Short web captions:
+ + + + + + +

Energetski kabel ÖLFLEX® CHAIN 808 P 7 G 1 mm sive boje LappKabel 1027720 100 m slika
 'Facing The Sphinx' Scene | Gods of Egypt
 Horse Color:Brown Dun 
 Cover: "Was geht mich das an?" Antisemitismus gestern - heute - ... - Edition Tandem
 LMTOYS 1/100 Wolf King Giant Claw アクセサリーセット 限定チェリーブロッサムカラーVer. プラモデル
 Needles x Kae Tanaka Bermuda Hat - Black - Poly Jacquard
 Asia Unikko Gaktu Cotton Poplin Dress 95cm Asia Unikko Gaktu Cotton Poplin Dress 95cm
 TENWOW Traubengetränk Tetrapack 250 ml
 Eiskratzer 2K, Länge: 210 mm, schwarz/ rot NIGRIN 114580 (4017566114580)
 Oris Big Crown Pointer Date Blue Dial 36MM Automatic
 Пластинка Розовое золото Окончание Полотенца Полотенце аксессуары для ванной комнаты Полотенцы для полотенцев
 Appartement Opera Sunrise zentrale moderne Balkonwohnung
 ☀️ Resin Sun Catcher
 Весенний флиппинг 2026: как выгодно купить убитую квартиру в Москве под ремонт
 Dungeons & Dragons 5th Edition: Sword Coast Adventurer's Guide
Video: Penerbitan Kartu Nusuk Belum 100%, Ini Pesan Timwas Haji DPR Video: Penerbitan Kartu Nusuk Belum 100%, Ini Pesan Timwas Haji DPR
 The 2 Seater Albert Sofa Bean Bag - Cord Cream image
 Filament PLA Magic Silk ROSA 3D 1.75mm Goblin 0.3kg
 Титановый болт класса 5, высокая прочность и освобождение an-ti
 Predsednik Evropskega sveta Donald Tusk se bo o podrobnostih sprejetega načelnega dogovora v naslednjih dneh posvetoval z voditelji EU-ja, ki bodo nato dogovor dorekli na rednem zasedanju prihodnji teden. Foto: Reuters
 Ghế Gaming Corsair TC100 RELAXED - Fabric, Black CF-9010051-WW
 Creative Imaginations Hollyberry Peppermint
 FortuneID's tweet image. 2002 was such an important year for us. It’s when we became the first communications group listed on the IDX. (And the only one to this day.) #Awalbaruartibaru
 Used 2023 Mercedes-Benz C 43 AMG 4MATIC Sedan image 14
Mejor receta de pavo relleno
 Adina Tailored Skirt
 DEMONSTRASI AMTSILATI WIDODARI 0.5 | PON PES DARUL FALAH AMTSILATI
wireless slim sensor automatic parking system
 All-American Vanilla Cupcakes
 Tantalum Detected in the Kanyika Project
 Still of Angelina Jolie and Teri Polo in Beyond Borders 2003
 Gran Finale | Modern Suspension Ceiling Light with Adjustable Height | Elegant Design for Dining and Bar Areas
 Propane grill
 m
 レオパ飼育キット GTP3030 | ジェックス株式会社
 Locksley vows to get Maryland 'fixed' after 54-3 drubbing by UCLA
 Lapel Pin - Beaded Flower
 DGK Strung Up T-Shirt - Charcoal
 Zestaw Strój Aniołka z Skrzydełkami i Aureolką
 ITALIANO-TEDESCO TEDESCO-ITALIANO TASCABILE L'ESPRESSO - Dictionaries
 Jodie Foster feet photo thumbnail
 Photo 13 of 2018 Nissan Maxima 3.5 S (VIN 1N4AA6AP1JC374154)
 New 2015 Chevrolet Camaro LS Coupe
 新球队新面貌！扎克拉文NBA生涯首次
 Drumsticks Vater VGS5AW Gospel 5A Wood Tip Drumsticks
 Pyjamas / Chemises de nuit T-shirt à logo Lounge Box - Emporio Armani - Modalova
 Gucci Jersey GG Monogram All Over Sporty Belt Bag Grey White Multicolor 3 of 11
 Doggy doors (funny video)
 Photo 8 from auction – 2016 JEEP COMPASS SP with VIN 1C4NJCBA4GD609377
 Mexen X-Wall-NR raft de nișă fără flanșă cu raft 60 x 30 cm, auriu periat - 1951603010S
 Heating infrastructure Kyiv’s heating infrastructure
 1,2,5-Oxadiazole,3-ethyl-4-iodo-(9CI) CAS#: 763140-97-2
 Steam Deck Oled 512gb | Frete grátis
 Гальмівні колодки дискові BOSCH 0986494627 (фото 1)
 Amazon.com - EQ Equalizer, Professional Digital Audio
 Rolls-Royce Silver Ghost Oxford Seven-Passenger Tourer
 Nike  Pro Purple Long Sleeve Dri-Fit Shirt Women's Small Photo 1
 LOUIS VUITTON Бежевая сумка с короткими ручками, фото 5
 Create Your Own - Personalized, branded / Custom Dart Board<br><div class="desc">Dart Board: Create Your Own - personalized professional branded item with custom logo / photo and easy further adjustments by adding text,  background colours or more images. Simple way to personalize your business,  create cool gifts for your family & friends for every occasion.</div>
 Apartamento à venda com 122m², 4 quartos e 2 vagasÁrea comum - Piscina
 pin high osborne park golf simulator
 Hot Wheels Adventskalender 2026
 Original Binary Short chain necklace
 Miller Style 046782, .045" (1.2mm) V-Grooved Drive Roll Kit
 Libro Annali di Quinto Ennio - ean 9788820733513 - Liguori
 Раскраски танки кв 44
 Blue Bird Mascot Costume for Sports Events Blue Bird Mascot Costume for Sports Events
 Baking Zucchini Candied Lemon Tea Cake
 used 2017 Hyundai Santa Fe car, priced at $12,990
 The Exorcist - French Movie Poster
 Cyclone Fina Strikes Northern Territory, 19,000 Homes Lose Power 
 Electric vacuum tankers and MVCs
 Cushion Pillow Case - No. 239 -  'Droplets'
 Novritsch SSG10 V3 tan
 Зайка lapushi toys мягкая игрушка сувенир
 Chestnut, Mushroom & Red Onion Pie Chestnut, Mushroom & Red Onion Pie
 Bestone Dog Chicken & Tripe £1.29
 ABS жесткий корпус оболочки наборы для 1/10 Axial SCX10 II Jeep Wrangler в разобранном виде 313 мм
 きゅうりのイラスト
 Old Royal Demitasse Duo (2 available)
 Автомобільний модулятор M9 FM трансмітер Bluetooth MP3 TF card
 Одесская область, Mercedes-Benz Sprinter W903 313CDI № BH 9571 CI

+ + + + + + +

▸ **TASK DETAILS**
In full and verbatim, transcribe the data.

▸ **ANSWER TO THIS PROBLEM**
Energetski kabel ÖLFLEX® CHAIN 808 P 7 G 1 mm sive boje LappKabel 1027720 100 m slika
 'Facing The Sphinx' Scene | Gods of Egypt
 Horse Color:Brown Dun 
 Cover: "Was geht mich das an?" Antisemitismus gestern - heute - ... - Edition Tandem
 LMTOYS 1/100 Wolf King Giant Claw アクセサリーセット 限定チェリーブロッサムカラーVer. プラモデル
 Needles x Kae Tanaka Bermuda Hat - Black - Poly Jacquard
 Asia Unikko Gaktu Cotton Poplin Dress 95cm Asia Unikko Gaktu Cotton Poplin Dress 95cm
 TENWOW Traubengetränk Tetrapack 250 ml
 Eiskratzer 2K, Länge: 210 mm, schwarz/ rot NIGRIN 114580 (4017566114580)
 Oris Big Crown Pointer Date Blue Dial 36MM Automatic
 Пластинка Розовое золото Окончание Полотенца Полотенце аксессуары для ванной комнаты Полотенцы для полотенцев
 Appartement Opera Sunrise zentrale moderne Balkonwohnung
 ☀️ Resin Sun Catcher
 Весенний флиппинг 2026: как выгодно купить убитую квартиру в Москве под ремонт
 Dungeons & Dragons 5th Edition: Sword Coast Adventurer's Guide
Video: Penerbitan Kartu Nusuk Belum 100%, Ini Pesan Timwas Haji DPR Video: Penerbitan Kartu Nusuk Belum 100%, Ini Pesan Timwas Haji DPR
 The 2 Seater Albert Sofa Bean Bag - Cord Cream image
 Filament PLA Magic Silk ROSA 3D 1.75mm Goblin 0.3kg
 Титановый болт класса 5, высокая прочность и освобождение an-ti
 Predsednik Evropskega sveta Donald Tusk se bo o podrobnostih sprejetega načelnega dogovora v naslednjih dneh posvetoval z voditelji EU-ja, ki bodo nato dogovor dorekli na rednem zasedanju prihodnji teden. Foto: Reuters
 Ghế Gaming Corsair TC100 RELAXED - Fabric, Black CF-9010051-WW
 Creative Imaginations Hollyberry Peppermint
 FortuneID's tweet image. 2002 was such an important year for us. It’s when we became the first communications group listed on the IDX. (And the only one to this day.) #Awalbaruartibaru
 Used 2023 Mercedes-Benz C 43 AMG 4MATIC Sedan image 14
Mejor receta de pavo relleno
 Adina Tailored Skirt
 DEMONSTRASI AMTSILATI WIDODARI 0.5 | PON PES DARUL FALAH AMTSILATI
wireless slim sensor automatic parking system
 All-American Vanilla Cupcakes
 Tantalum Detected in the Kanyika Project
 Still of Angelina Jolie and Teri Polo in Beyond Borders 2003
 Gran Finale | Modern Suspension Ceiling Light with Adjustable Height | Elegant Design for Dining and Bar Areas
 Propane grill
 m
 レオパ飼育キット GTP3030 | ジェックス株式会社
 Locksley vows to get Maryland 'fixed' after 54-3 drubbing by UCLA
 Lapel Pin - Beaded Flower
 DGK Strung Up T-Shirt - Charcoal
 Zestaw Strój Aniołka z Skrzydełkami i Aureolką
 ITALIANO-TEDESCO TEDESCO-ITALIANO TASCABILE L'ESPRESSO - Dictionaries
 Jodie Foster feet photo thumbnail
 Photo 13 of 2018 Nissan Maxima 3.5 S (VIN 1N4AA6AP1JC374154)
 New 2015 Chevrolet Camaro LS Coupe
 新球队新面貌！扎克拉文NBA生涯首次
 Drumsticks Vater VGS5AW Gospel 5A Wood Tip Drumsticks
 Pyjamas / Chemises de nuit T-shirt à logo Lounge Box - Emporio Armani - Modalova
 Gucci Jersey GG Monogram All Over Sporty Belt Bag Grey White Multicolor 3 of 11
 Doggy doors (funny video)
 Photo 8 from auction – 2016 JEEP COMPASS SP with VIN 1C4NJCBA4GD609377
 Mexen X-Wall-NR raft de nișă fără flanșă cu raft 60 x 30 cm, auriu periat - 1951603010S
 Heating infrastructure Kyiv’s heating infrastructure
 1,2,5-Oxadiazole,3-ethyl-4-iodo-(9CI) CAS#: 763140-97-2
 Steam Deck Oled 512gb | Frete grátis
 Гальмівні колодки дискові BOSCH 0986494627 (фото 1)
 Amazon.com - EQ Equalizer, Professional Digital Audio
 Rolls-Royce Silver Ghost Oxford Seven-Passenger Tourer
 Nike  Pro Purple Long Sleeve Dri-Fit Shirt Women's Small Photo 1
 LOUIS VUITTON Бежевая сумка с короткими ручками, фото 5
 Create Your Own - Personalized, branded / Custom Dart Board<br><div class="desc">Dart Board: Create Your Own - personalized professional branded item with custom logo / photo and easy further adjustments by adding text,  background colours or more images. Simple way to personalize your business,  create cool gifts for your family & friends for every occasion.</div>
 Apartamento à venda com 122m², 4 quartos e 2 vagasÁrea comum - Piscina
 pin high osborne park golf simulator
 Hot Wheels Adventskalender 2026
 Original Binary Short chain necklace
 Miller Style 046782, .045" (1.2mm) V-Grooved Drive Roll Kit
 Libro Annali di Quinto Ennio - ean 9788820733513 - Liguori
 Раскраски танки кв 44
 Blue Bird Mascot Costume for Sports Events Blue Bird Mascot Costume for Sports Events
 Baking Zucchini Candied Lemon Tea Cake
 used 2017 Hyundai Santa Fe car, priced at $12,990
 The Exorcist - French Movie Poster
 Cyclone Fina Strikes Northern Territory, 19,000 Homes Lose Power 
 Electric vacuum tankers and MVCs
 Cushion Pillow Case - No. 239 -  'Droplets'
 Novritsch SSG10 V3 tan
 Зайка lapushi toys мягкая игрушка сувенир
 Chestnut, Mushroom & Red Onion Pie Chestnut, Mushroom & Red Onion Pie
 Bestone Dog Chicken & Tripe £1.29
 ABS жесткий корпус оболочки наборы для 1/10 Axial SCX10 II Jeep Wrangler в разобранном виде 313 мм
 きゅうりのイラスト
 Old Royal Demitasse Duo (2 available)
 Автомобільний модулятор M9 FM трансмітер Bluetooth MP3 TF card
 Одесская область, Mercedes-Benz Sprinter W903 313CDI № BH 9571 CI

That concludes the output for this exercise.